Hinter den Kulissen einer Millionen-Maschinerie
Es ist schon bemerkenswert, dass der Apple-Konzern seinen Streaming-Service 2019 ausgerechnet mit The Morning Show launchte – einer Serie, die sich im Kern mit dem Medium Fernsehen befasst, das durch Streaming immer obsoleter wird. Doch Brian Stelters Buch „Top of the Morning: Inside the Cutthroat World of Morning TV“ (2013), das dieser Serie als Inspiration diente, hebt hervor, welchen Stellenwert das sogenannte Frühstücksfernsehen noch immer in den USA hat: „Während das Internet die Abendnachrichten auf den Kopf gestellt hat und On-Demand-Dienste wie Netflix weiterhin die Hauptsendezeit stören, sind die Morgensendungen nach wie vor ein Bereich in der Fernsehbranche, in dem das Geschäftsmodell noch wirklich funktioniert, zumindest im Moment.“ Aktuell erreicht in den USA die Show „Good Morning America“ (vom Sender ABC) eine Zuschauerschaft von knapp drei Millionen täglich, dicht gefolgt vom langjährigen Konkurrenten „Today“ (NBC), der den Quotenkampf am Morgen einst anführte.
Diese Dominanz der morgendlichen Infotainment-Sendungen, erläutert Medienjournalist Stelter, führe zu jährlichen Werbeerlösen im neunstelligen Bereich, die quasi die restliche Nachrichtendivision der Sender querfinanzieren. Hinter den Kulissen hat aber ebendiese Macht am Morgen Stelter zufolge eine toxische Arbeitsatmosphäre geschaffen, die sich in hohem Druck, intensivem Gerangel, internem Fehlverhalten und weit auseinanderklaffenden Gehältern äußert. So verdient das Produktionsteam der Morgensendungen weitaus weniger als die moderierenden Multimillionär*innen vor der Kamera. Diese müssen wiederum ständig um ihre regelmäßig abgefragten Beliebtheitswerte beim Publikum bangen, die darüber entscheiden, ob ihre Verträge verlängert werden.

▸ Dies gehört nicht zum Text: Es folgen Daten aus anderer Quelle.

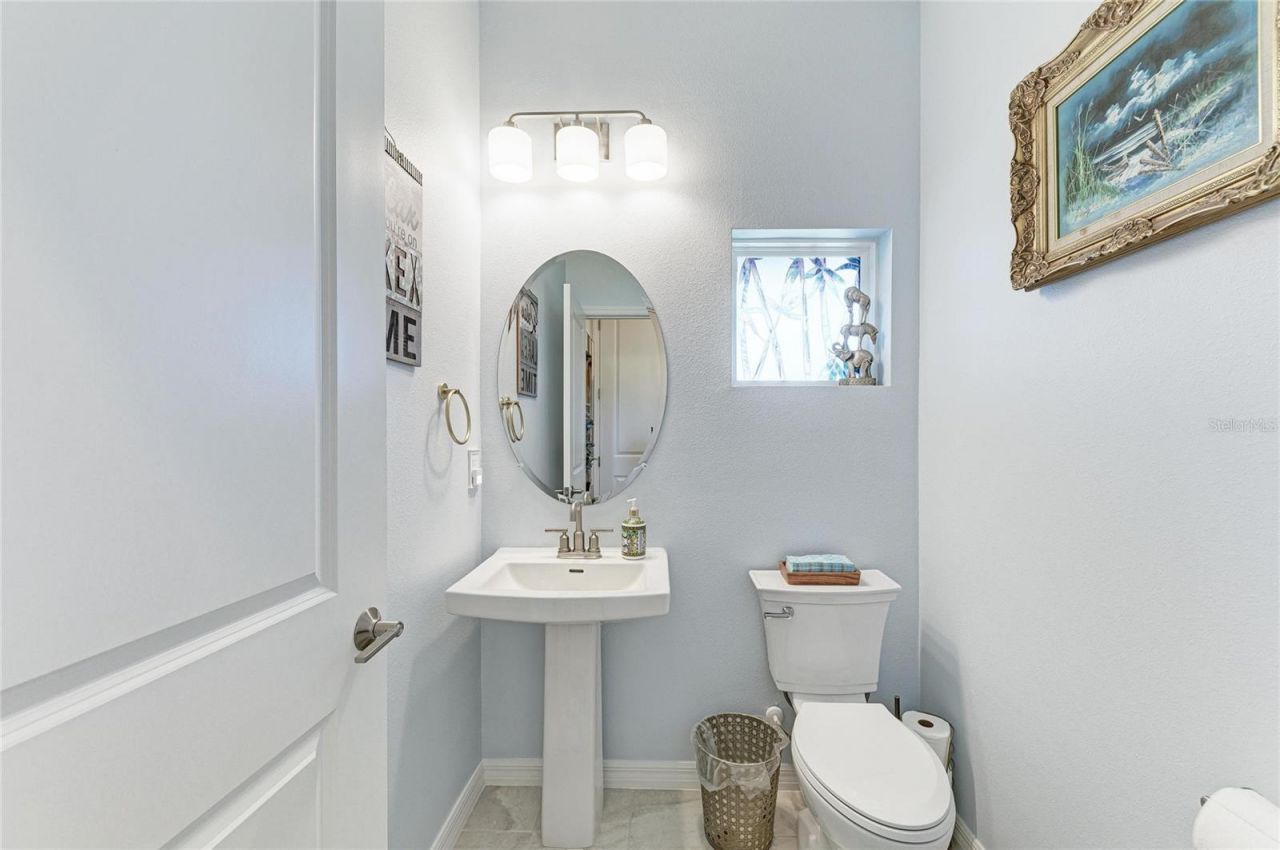 4253 Pond Brook Court , Bradenton, FL 34211 Photo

Stelters Buch bietet schon eine hinreichende Menge an Stoff, um eine Serie über das Machtgerangel am Morgen zu kreieren. Doch kurz nachdem The Morning Show 2017 beauftragt wurde, überschlugen sich die Ereignisse in der Medien- und Entertainmentwelt: Der Missbrauchsskandal um Harvey Weinstein trat die #MeToo-Bewegung los, die schließlich auch zur Entlassung des „Today“-Moderators Matt Lauer wegen „unangemessenen sexuellen Verhaltens“ führte. Diese Entwicklungen griff das Team hinter The Morning Show auf und verwendete ganz realitätsnah die #MeToo-Thematik als Aufhänger für ihre Serie, die sich umfassend mit der Brüchigkeit hinter der heilen Frühstückssendungen-Fassade befasst.

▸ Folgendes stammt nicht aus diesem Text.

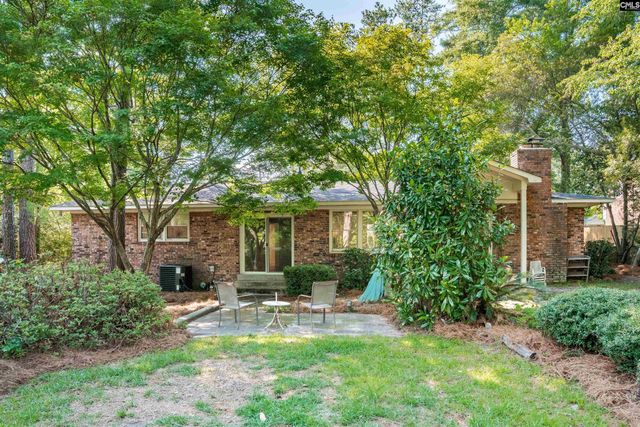 122 Ila Lane, Columbia, SC 29206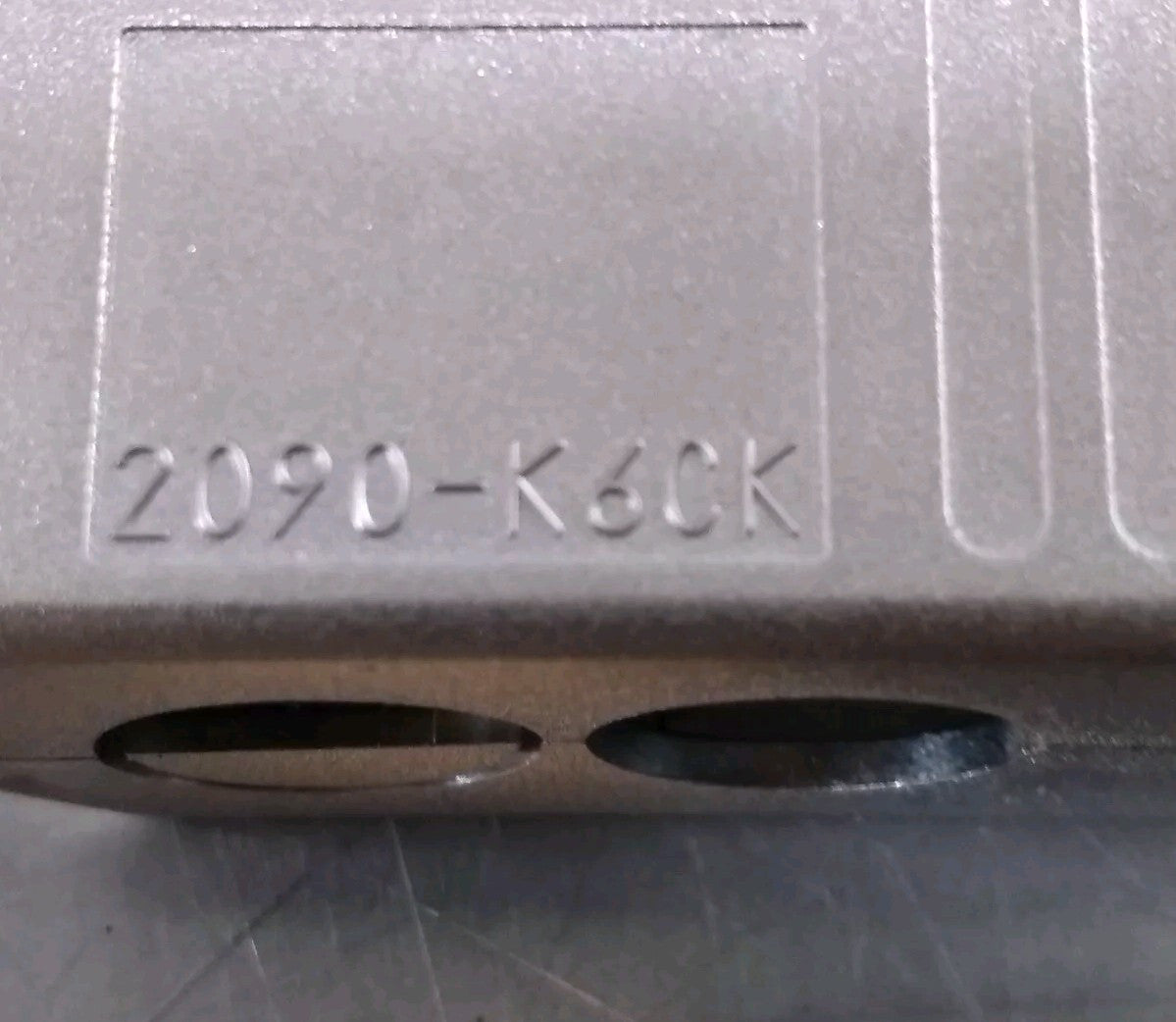 47744858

Fall eines Machtmenschen, Aufstieg einer Idealistin
Die erste Staffel von The Morning Show zeigt, wie die bis dato erfolgreiche Morgensendung durch die skandalträchtigen Enthüllungen um Mitch in einen Schlingerkurs gerät, den nur noch solides Krisenmanagement stabilisieren kann. Während Alex allein vor der Kamera versucht, das Publikum über den Zusammenbruch ihrer Fernsehfamilie hinwegzutrösten, lässt sie sich nach der Sendung von einem siebenköpfigen Public-Relations-Team beraten, wie sie mit diesem Skandal, der auch Fragen zu ihrer Mitwisserschaft aufwirft, umgehen soll. Zugleich gerät von der ersten Episode an die Außenreporterin Bradley Jackson (Reese Witherspoon) aus Virginia ins Blickfeld. Als Verfechterin für seriösen Journalismus und Hard News hat Bradley für Infotainment, wie es Alex‘ Sendung bietet, rein gar nichts übrig.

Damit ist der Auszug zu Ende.